_What you are asked to do:_
Each line of the data below should be restated exactly, with images left out.

*** Opening Data provided ***

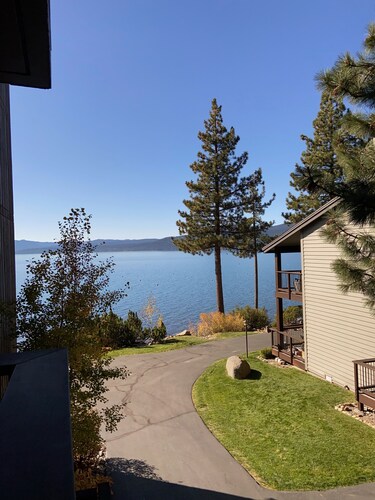 Lakefront Gated Brockway Springs Condo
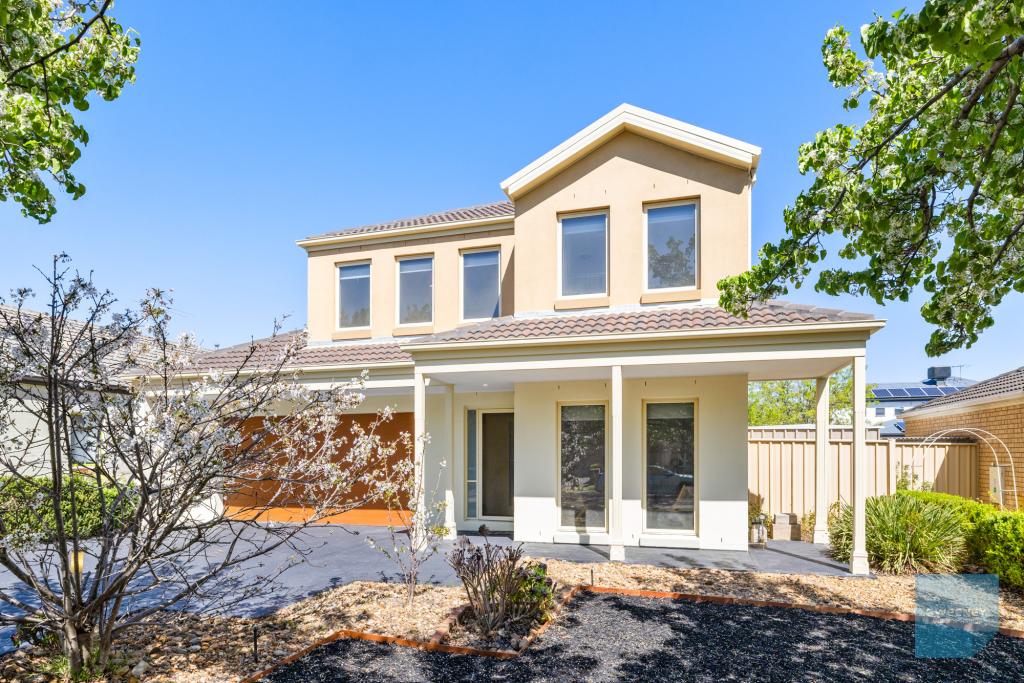 8 Kings Domain, Caroline Springs, VIC 3023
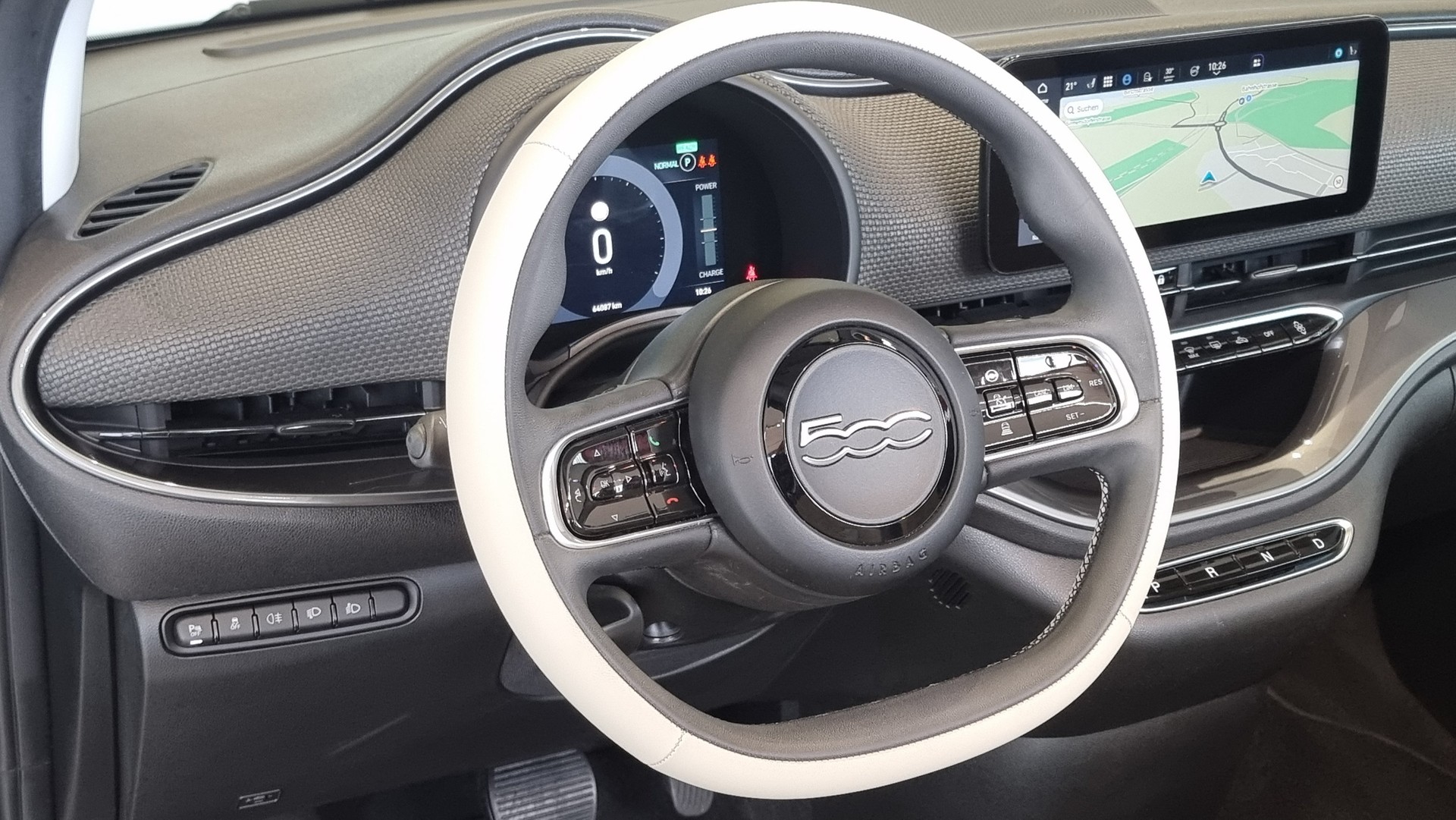FIAT 500 Cabrio La Prima-image-11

*** Closing Data provided ***

_Answer:_
 Lakefront Gated Brockway Springs Condo
 8 Kings Domain, Caroline Springs, VIC 3023
FIAT 500 Cabrio La Prima-image-11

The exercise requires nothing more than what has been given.